----- Provided data -----

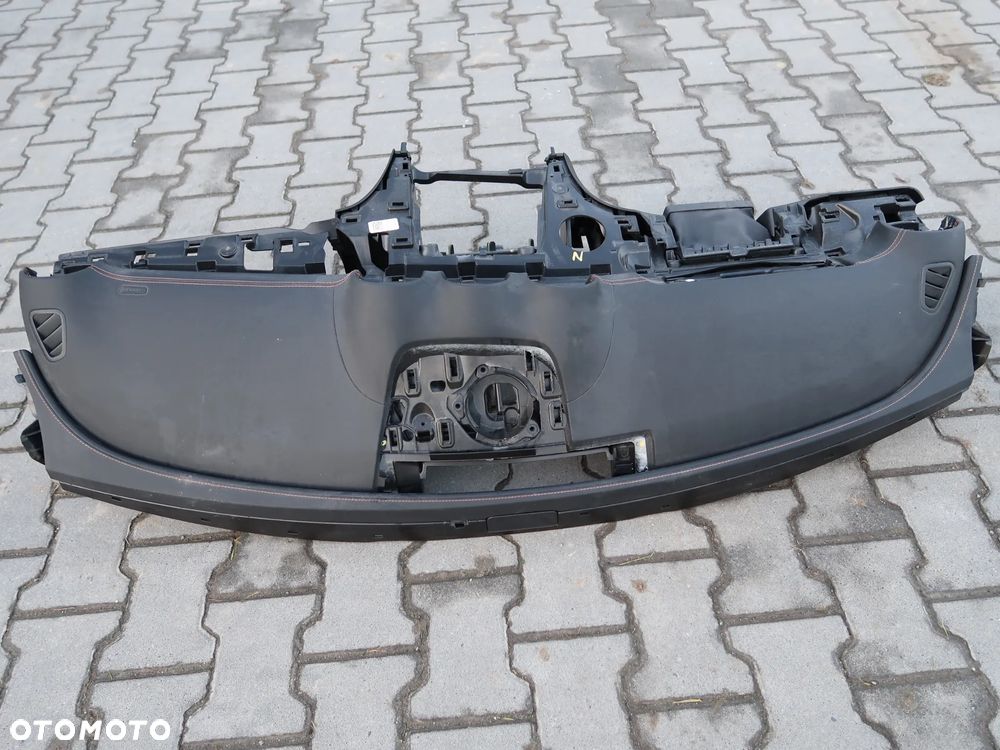 deska rozdzielcza kokpit Mercedes w206 C klasa - 2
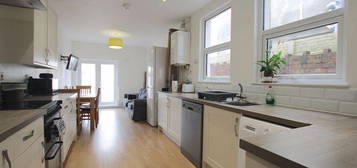 5 bed terraced house to rent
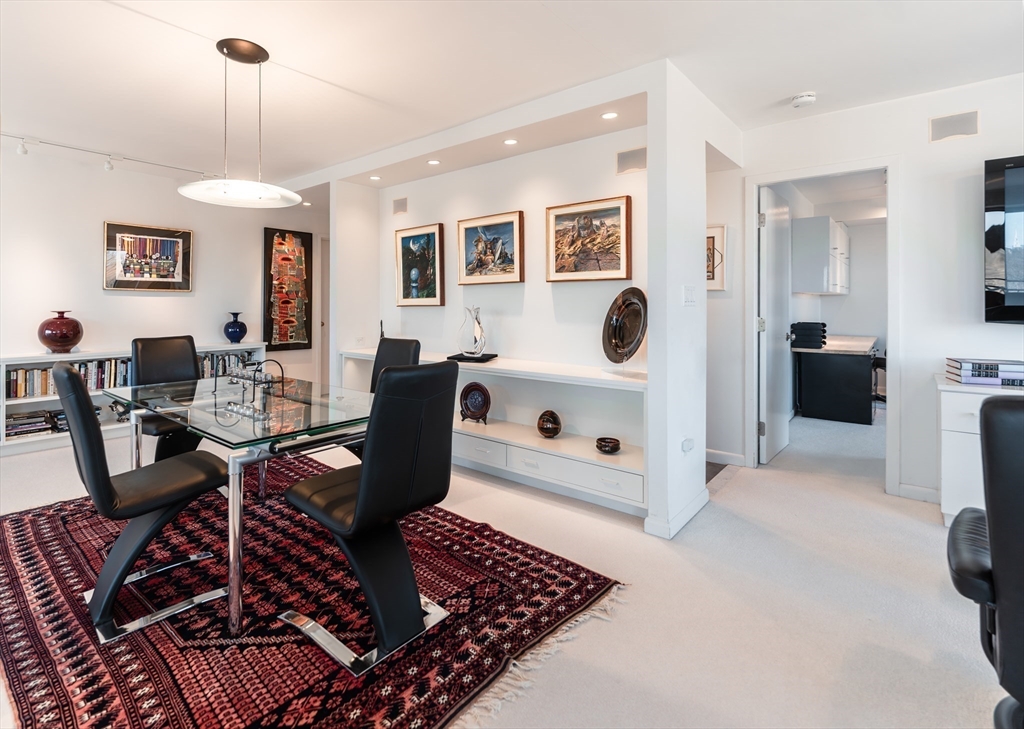 1010 Memorial Dr # 6G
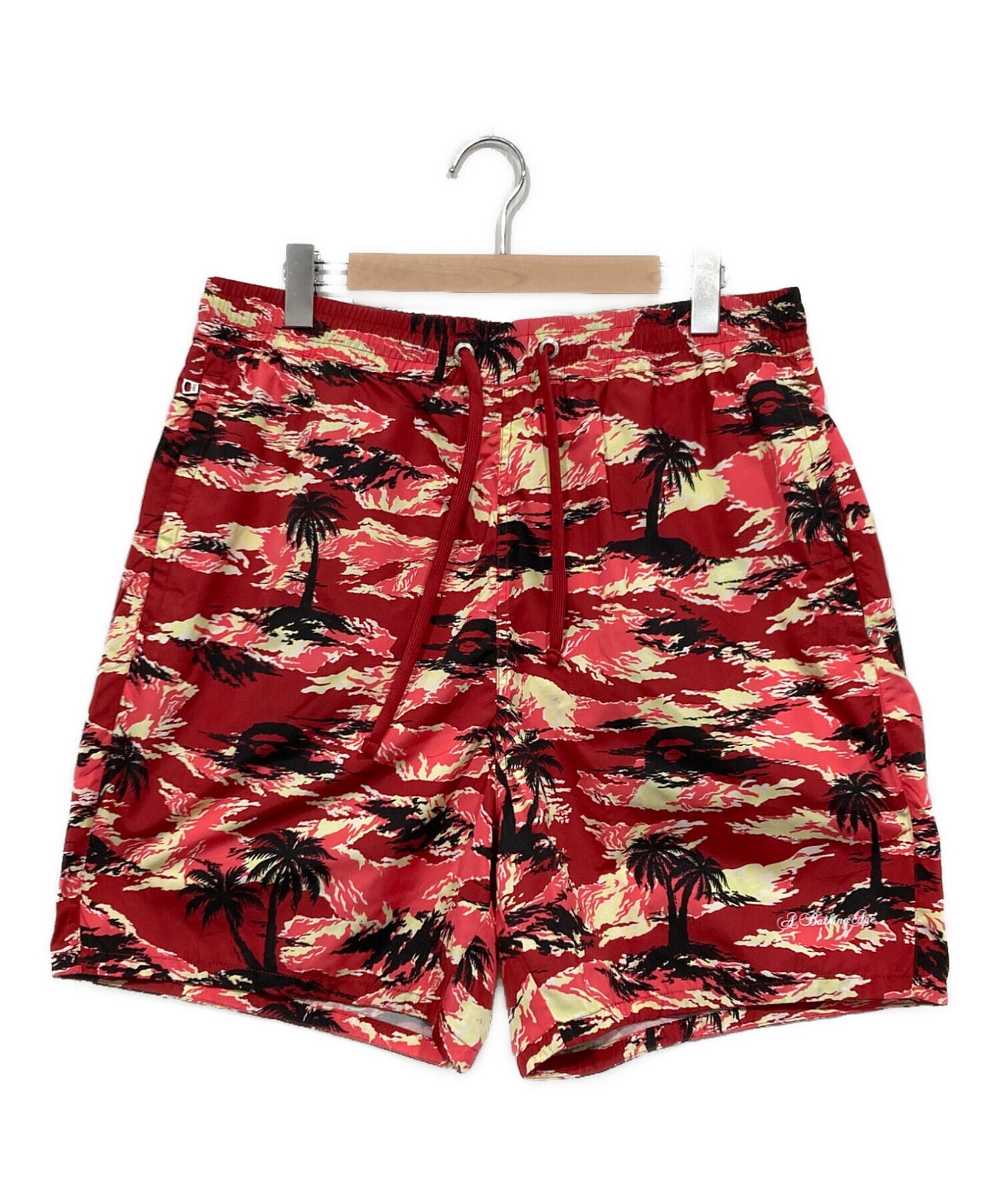 [Pre-owned] A BATHING APE Camo Palm Tree Shorts 001SPL301312M
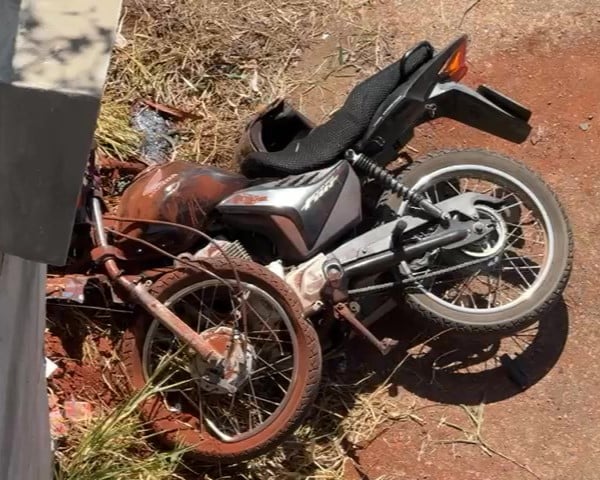 WhatsApp Video 2025-09-03 at 12.45.17 - frame at 0m1s Motocicleta que acidentou na tarde de quarta-feira (3)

-----

Assigned task — Each entry above is to be duplicated exactly, and its pictures omitted.

Response for this exercise —
 deska rozdzielcza kokpit Mercedes w206 C klasa - 2
 5 bed terraced house to rent
 1010 Memorial Dr # 6G
 [Pre-owned] A BATHING APE Camo Palm Tree Shorts 001SPL301312M
 WhatsApp Video 2025-09-03 at 12.45.17 - frame at 0m1s Motocicleta que acidentou na tarde de quarta-feira (3)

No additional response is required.